De toute évidence, les choses sont beaucoup plus compliquées qu’on ne peut l’imaginer, ne serait-ce qu’au regard de l’actuelle conjoncture électorale. La France est en pleine zone de turbulence et tout fait divers,  banal, anecdotique ou suscitant l’émoi, ne risque- t- il pas de parasiter des débats cruciaux pour l’avenir des Français et par rapport auxquels les candidats à l’élection présidentielle devront se déterminer. Or, le climat de tension autour de la traque et de l’encerclement de Mohammed Merah et la couverture médiatique qui a été consacrée aux événements risquent d’offrir une belle opportunité à la candidate du Front National (Marine Lepen) ? C’est ce que laisse entendre les réactions des autres candidats, lesquels donnent le sentiment d’œuvrer de concert contre toute récupération «déloyale» d’une affaire susceptible d’alimenter davantage la machine à  stigmatisation des Français de confession musulmane.

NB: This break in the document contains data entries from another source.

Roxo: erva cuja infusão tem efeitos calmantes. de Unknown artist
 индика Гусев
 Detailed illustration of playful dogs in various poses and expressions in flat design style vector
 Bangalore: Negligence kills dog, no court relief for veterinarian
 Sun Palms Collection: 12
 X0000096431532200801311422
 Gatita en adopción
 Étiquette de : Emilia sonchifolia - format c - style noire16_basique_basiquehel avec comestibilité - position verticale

Cela étant, à force d’imposer une lecture erronée, partielle et partiale des événements - passant sous silence le poids de la causalité morale, l’importance de la dimension historique et bien d’autres aspects qui relèvent des contradictions qui traversent la société française - les médias hexagonaux ne contribuent-ils pas, consciemment ou inconsciemment, à entretenir quelques-uns de leurs vieux démons ? Maintenus jusqu’à présent en laisse, occasionnellement fouettés à coups de stigmatisations (interdiction du voile, prières de rue, viande halal etc.), ces derniers ne risquent-il pas de s’émanciper du fragile consensus droit-gauche, pour affirmer, sans masque, un visage inquiétant de la France ? On peut le craindre, mais on peut aussi s’en accommoder. En tous les cas, des démons la république en aura toujours besoin comme d’un ultime rempart contre les potentiels périples qui la guettent, les vrais comme les faux, les réels ou les fantasmés.